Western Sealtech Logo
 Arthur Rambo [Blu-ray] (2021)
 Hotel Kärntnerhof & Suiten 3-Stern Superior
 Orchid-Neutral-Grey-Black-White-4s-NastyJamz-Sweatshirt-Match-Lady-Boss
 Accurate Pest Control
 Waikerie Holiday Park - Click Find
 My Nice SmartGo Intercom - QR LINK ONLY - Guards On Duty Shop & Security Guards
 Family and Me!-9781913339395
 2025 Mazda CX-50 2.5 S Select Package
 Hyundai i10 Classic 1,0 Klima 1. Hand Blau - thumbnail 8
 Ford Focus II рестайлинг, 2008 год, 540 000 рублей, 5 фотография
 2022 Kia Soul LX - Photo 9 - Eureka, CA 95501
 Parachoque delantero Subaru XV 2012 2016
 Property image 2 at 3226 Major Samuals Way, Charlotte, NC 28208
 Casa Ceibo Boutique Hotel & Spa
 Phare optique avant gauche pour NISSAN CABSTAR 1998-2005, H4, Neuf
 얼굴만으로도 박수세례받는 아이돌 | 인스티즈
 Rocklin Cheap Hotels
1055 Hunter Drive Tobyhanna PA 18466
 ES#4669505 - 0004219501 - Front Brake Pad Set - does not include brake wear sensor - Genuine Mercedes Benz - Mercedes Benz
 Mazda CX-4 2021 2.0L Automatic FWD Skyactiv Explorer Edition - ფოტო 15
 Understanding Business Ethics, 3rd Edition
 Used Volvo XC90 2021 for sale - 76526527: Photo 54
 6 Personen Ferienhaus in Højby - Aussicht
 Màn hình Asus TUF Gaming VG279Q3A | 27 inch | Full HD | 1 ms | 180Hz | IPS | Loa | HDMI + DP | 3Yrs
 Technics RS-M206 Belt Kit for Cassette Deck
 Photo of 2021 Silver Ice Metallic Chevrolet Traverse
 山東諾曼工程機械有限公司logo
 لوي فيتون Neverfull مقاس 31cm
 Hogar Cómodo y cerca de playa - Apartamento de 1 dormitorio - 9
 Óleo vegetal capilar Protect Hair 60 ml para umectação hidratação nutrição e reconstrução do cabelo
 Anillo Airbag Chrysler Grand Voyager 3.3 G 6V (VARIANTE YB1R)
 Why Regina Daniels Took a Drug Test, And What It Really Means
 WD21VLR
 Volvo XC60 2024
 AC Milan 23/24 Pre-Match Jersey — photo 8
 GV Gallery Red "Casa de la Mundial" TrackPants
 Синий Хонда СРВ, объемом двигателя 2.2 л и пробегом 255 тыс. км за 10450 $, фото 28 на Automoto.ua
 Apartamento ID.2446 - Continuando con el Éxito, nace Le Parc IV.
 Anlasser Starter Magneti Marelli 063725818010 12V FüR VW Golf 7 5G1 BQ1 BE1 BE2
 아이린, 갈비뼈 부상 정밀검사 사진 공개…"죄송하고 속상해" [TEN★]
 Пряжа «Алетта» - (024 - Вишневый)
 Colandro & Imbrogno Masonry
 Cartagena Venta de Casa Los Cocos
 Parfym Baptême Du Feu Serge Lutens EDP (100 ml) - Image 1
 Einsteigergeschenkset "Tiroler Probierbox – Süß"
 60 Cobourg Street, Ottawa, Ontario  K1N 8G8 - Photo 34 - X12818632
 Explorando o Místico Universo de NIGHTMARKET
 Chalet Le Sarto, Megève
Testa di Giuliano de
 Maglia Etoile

--------

HOW TO COMPLETE THIS TASK
Exactly and only the lines from the one containing "AC Milan 23/24 Pre-Match Jersey — photo 8" to the end of the entries above are to be written out.

WRITTEN ANSWER
 AC Milan 23/24 Pre-Match Jersey — photo 8
 GV Gallery Red "Casa de la Mundial" TrackPants
 Синий Хонда СРВ, объемом двигателя 2.2 л и пробегом 255 тыс. км за 10450 $, фото 28 на Automoto.ua
 Apartamento ID.2446 - Continuando con el Éxito, nace Le Parc IV.
 Anlasser Starter Magneti Marelli 063725818010 12V FüR VW Golf 7 5G1 BQ1 BE1 BE2
 아이린, 갈비뼈 부상 정밀검사 사진 공개…"죄송하고 속상해" [TEN★]
 Пряжа «Алетта» - (024 - Вишневый)
 Colandro & Imbrogno Masonry
 Cartagena Venta de Casa Los Cocos
 Parfym Baptême Du Feu Serge Lutens EDP (100 ml) - Image 1
 Einsteigergeschenkset "Tiroler Probierbox – Süß"
 60 Cobourg Street, Ottawa, Ontario  K1N 8G8 - Photo 34 - X12818632
 Explorando o Místico Universo de NIGHTMARKET
 Chalet Le Sarto, Megève
Testa di Giuliano de
 Maglia Etoile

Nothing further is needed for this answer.